St. Johannes 12,20-24 | Laetare | Pfr. Dr. Martens

Mittlerweile ist es für viele Menschen in unserem Land, ja in fast allen Ländern dieser Erde, beinahe eine Selbstverständlichkeit, ein Facebook-Account zu haben. Diese Facebook-Accounts dienen in besonderer Weise der eigenen Selbstdarstellung: Man kann sich auf ihnen so präsentieren, wie man gerne gesehen werden möchte. Und das mit dem Sehen ist durchaus auch sehr direkt gemeint. Und so posten viele Facebook-Account-Inhaber immer wieder Fotos von sich selber, auf denen sie nach ihrer eigenen Einschätzung besonders schön und attraktiv erscheinen, und hoffen dann entsprechend auch darauf, für diese Selbstdarstellung möglichst viele Likes zu bekommen. Bis vor einigen Monaten präsentierten junge Männer gerne ihre sichtbaren Erfolge ihrer Besuche im Fitnessstudio mit entsprechend entblößtem Oberkörper. Seit die Fitnessstudios geschlossen sind, ist die Zahl solcher Bilder allerdings sprunghaft zurückgegangen. Dafür sehe ich nun häufiger Bilder von Menschen, die eher trübe eingefärbt sind und die Stimmung wiedergeben, in der sich so viele Menschen in unserem Land, ja wohl in den meisten Ländern dieser Erde, in den Zeiten der Corona-Pandemie befinden. Ja, auch mit solchen Bildern wollen Menschen gesehen werden, hoffen wohl nicht selten darauf, beim Posten solcher Bilder dann aufmunternde Botschaften zu erhalten.

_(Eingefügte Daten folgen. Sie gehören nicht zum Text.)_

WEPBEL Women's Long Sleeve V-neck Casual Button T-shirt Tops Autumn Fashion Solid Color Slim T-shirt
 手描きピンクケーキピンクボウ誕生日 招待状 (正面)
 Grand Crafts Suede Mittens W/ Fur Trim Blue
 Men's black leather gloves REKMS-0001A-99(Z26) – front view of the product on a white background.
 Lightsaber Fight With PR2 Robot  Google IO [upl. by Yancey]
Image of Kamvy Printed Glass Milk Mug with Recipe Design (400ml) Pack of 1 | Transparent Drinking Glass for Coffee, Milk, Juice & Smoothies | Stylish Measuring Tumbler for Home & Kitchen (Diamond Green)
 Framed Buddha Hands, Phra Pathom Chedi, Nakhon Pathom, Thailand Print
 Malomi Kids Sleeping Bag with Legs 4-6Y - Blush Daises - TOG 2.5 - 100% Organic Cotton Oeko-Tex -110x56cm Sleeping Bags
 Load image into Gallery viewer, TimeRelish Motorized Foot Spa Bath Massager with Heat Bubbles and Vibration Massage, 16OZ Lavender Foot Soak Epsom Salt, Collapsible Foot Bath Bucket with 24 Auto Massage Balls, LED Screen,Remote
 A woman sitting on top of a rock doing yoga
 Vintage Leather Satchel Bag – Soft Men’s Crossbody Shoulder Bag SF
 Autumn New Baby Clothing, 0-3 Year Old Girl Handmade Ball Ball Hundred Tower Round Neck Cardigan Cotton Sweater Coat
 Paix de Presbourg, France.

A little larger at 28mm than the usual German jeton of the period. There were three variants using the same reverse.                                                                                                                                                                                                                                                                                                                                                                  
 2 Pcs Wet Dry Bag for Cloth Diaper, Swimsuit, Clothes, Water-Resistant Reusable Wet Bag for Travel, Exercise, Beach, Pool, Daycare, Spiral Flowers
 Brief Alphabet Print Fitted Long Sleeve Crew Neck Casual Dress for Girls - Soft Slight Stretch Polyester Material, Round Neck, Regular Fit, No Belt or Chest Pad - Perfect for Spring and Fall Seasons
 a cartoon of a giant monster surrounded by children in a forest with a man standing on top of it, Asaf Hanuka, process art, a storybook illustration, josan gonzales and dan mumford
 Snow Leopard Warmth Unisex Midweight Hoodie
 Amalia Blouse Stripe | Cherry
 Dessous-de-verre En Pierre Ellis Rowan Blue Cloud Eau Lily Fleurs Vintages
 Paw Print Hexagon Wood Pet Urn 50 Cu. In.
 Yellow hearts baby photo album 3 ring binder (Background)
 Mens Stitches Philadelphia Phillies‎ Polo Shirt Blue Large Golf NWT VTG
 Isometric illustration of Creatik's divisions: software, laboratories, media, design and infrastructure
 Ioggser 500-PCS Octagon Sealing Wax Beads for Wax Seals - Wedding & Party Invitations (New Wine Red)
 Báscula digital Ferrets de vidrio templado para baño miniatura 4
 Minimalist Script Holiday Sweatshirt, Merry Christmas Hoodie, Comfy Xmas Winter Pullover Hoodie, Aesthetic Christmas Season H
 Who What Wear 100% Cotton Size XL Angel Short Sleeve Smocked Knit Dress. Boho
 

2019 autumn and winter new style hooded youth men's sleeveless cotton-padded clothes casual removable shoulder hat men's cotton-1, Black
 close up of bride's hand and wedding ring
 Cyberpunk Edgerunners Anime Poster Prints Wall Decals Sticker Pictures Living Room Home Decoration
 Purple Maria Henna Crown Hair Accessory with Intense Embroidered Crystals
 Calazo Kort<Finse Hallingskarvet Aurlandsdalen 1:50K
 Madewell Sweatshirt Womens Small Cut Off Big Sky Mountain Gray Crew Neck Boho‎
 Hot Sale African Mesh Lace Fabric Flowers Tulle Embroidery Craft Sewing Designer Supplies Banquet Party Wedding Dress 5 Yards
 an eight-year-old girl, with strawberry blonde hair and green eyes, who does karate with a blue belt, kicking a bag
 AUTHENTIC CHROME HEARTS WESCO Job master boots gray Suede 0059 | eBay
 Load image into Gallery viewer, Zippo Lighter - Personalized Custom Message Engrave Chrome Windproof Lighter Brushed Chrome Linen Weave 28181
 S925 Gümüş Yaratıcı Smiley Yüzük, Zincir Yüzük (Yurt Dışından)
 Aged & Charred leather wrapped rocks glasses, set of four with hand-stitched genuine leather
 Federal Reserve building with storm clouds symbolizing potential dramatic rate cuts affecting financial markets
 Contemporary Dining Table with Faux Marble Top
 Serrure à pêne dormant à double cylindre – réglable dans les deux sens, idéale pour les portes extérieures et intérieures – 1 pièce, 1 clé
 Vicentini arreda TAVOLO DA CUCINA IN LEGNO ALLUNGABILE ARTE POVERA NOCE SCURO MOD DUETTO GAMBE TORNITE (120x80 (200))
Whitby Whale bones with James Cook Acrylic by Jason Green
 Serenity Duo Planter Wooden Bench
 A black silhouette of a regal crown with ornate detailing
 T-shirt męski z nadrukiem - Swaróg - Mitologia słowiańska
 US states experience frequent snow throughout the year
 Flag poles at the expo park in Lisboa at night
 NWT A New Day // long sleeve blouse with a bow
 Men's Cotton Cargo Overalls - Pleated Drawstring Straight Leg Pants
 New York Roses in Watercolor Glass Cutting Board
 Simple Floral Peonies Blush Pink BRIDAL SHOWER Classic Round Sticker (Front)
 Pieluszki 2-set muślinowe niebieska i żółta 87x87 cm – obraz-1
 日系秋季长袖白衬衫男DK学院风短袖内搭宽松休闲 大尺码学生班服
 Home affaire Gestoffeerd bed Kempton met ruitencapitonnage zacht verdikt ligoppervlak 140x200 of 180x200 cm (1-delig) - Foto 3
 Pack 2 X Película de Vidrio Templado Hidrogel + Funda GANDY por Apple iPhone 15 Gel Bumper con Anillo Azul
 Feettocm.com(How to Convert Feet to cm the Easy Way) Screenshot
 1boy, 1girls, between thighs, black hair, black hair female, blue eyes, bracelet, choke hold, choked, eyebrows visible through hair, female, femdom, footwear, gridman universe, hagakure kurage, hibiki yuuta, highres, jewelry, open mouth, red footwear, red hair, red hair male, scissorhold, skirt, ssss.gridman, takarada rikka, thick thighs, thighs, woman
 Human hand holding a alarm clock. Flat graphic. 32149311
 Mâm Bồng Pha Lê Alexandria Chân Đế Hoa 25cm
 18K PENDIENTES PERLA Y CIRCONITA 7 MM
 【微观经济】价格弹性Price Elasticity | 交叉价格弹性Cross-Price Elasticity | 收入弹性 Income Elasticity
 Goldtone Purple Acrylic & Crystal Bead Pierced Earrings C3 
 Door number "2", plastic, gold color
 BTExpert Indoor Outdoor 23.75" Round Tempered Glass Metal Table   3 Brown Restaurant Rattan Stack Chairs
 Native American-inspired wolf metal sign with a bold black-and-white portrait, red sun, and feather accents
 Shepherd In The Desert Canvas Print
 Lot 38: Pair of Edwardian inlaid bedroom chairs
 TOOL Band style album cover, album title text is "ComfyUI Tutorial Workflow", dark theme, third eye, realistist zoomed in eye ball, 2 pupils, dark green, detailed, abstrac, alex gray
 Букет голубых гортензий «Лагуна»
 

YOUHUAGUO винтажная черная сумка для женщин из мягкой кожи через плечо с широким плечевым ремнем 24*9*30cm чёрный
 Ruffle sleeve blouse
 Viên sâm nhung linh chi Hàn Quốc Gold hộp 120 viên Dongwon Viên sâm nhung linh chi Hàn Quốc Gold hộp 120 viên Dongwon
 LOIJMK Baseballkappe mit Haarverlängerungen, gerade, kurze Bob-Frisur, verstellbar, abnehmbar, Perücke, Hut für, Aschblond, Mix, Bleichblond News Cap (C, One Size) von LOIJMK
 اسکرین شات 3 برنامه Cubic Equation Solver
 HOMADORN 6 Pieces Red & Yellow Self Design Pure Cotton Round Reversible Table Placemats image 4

Vor 2000 Jahren, zur Zeit Jesu, gab es natürlich noch kein Facebook. Aber den Wunsch danach, sich einen anderen anschauen zu können, den man bisher noch nicht gesehen und von dem man doch schon einiges gehört hatte, den gab es damals auch schon in den Zeiten, in denen Jesus lebte.

Da schildert uns der Evangelist St. Johannes, wie Jesus auf einem Esel in Jerusalem einreitet. Die Leute brechen Palmzweige von den Bäumen, begrüßen Jesus als ihren König, setzen so große Hoffnungen in ihn, dass er der ersehnte Befreier sein könnte, der sie endlich von der römischen Besatzungsmacht erlösen könnte. Doch Jesus handelt ganz anders, als viele in der Volksmenge es sich erhofft hatten: Er geht, so erfahren wir es auch aus den anderen Evangelien, zunächst in den Tempel, wie es sich für einen frommen Juden gehörte.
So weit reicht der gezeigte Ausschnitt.